There was also a sense of celebration in Liesch’s works: a freedom and confidence in working with her favourite materials: vibrant perspex colours, exposed supports, and glitter. It’s almost a ready-made art party in a box, lighting up the gallery, waiting for us to complete the work by simply being in this space. Richard Kean’s work called for a similar presence, his installation piece Apodidae requiring participation to co-create the aural component of the work.
In Apodidae Kean presented three realisations of a glider developed according to the golden ratio. The measurements that made up the hand-carved glider were abstracted as aural strings and a diagram in a large blueprint installation. This blueprint spoke to an applied knowledge of flight obtained through theoretical study and practical experience. The participatory element of the work was key here, knowledge is gained through creating the sound, a practical understanding of the aural relationships. Kean’s work brought together his current passions, and in this combination, the work became not about the individual pursuits, but about Kean’s process of learning—of trying to understand the space he is in through art-making, through mathematics, through flying.
Again Kean’s work grounded us in this space, through the sounds reverberating in the air around us—through all of these works Verge Gallery had it’s own presence in this show. Even before we entered the gallery, Daniel Hollier’s painterly obscuring of the front windows created a narrative, drawing us inside.
As MOP shuts up shop, Hollier’s work not only concealed the rest of the exhibition from the outside; it spoke to the future. This was one of MOP’s final exhibitions, but our activities continue as we channeled our energies in 2017 into an archival publication of the 14-years of MOP Projects. The space of MOP itself transitioned into a project space run by Galerie Pompom, maintaining the experimental ethos of its artist-run roots. But this work posed the question of the space that opens up as MOP closes. This was an exciting proposition.
Hollier’s Now You See Me Now You Don’t, Gestural Painting realised a new exploration in his practice of the painterly and performative expression and narrative meaning found in whited-out windows.

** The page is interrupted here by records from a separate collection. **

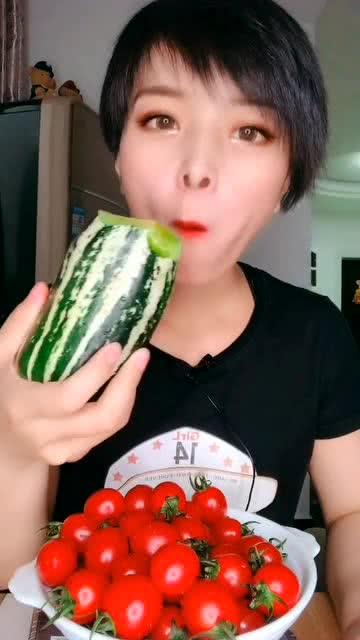娱乐吃瓜播报,揭秘明星幕后故事
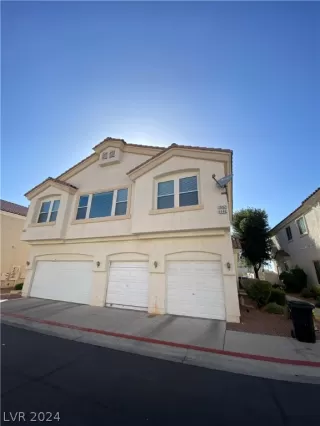 Photo #1: 2586574 Listing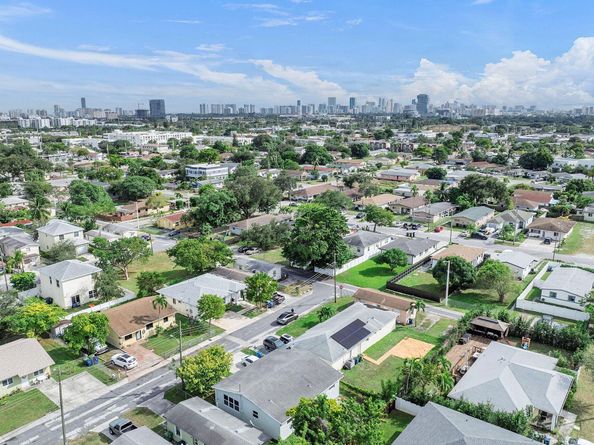 811 NW 5th Avenue, Hallandale Beach FL 33009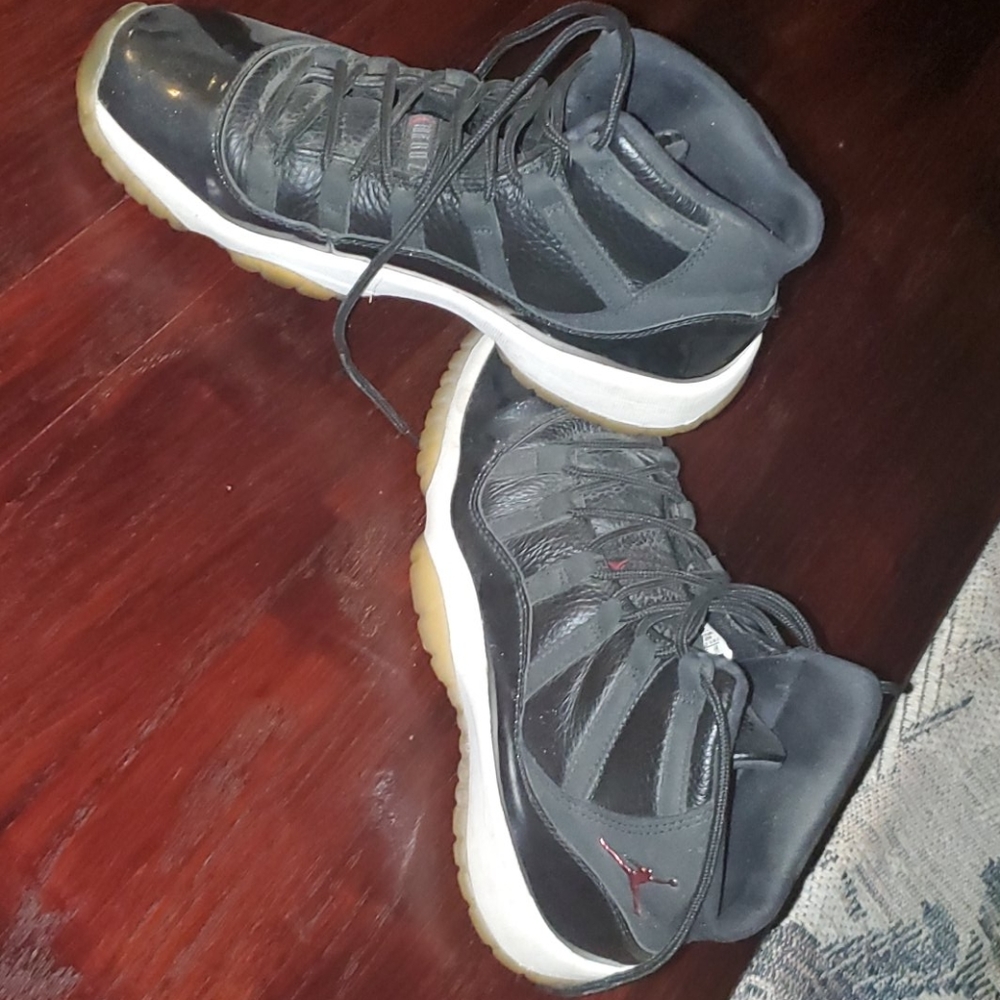 Black jordans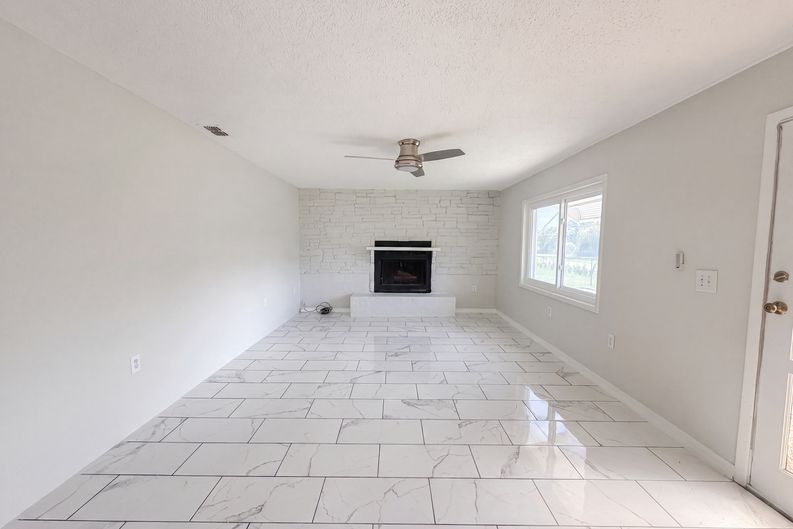 Photo 3 of 16 of 417 Calumet Rd, Avon Park, FL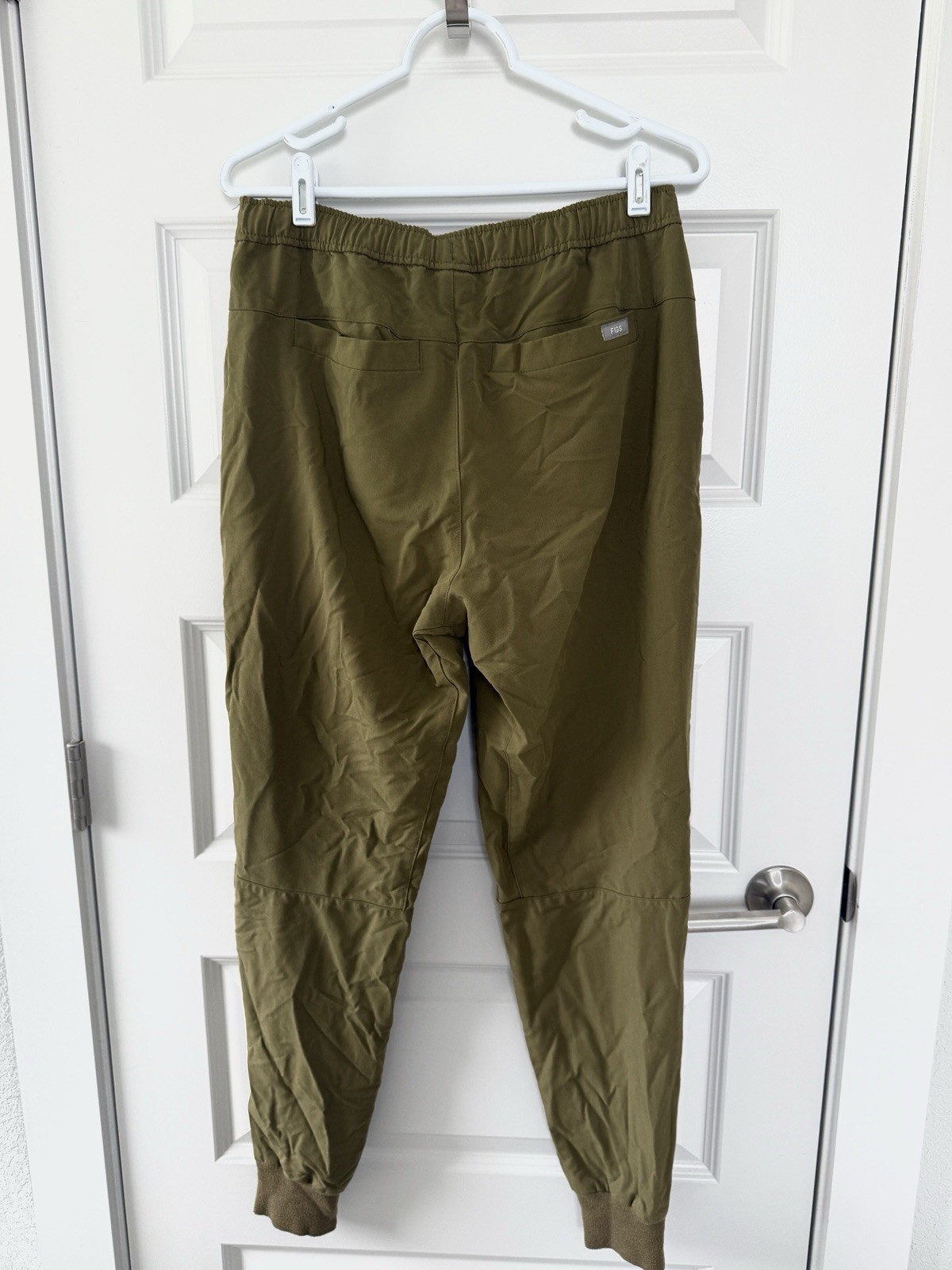 FIGS Tansen Jogger Scrub Pants Men’s Size Medium Martini Olive Stretch Medical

This work was exhibited alongside an older work Painters Green Edition of Four from Hollier’s curated show Lesser Abstraction at MOP in 2010. A nod back to his MOP years and a poetic placement of the past, the present and the future—Hollier saw a strong material relationship between the works: the painters tape, the everyday building materials, the repeated gesture of the painted-out windows. Placing these two works together also gave us pause to reflect on what we have learnt from MOP: how we have progressed in our own practices; and as an artist-run-space.
So how then do we celebrate the end of an institution like MOP Projects? I think it is by acknowledging what it is that we have learnt from MOP: a very strong sense of community, communication, experimentation, mentorship and collaboration that we can see coming through strongly in this exhibition. We can celebrate by continuing to build this community, to take up opportunities, to celebrate our wins, share our support—to shape the future we want for art and culture in Australia.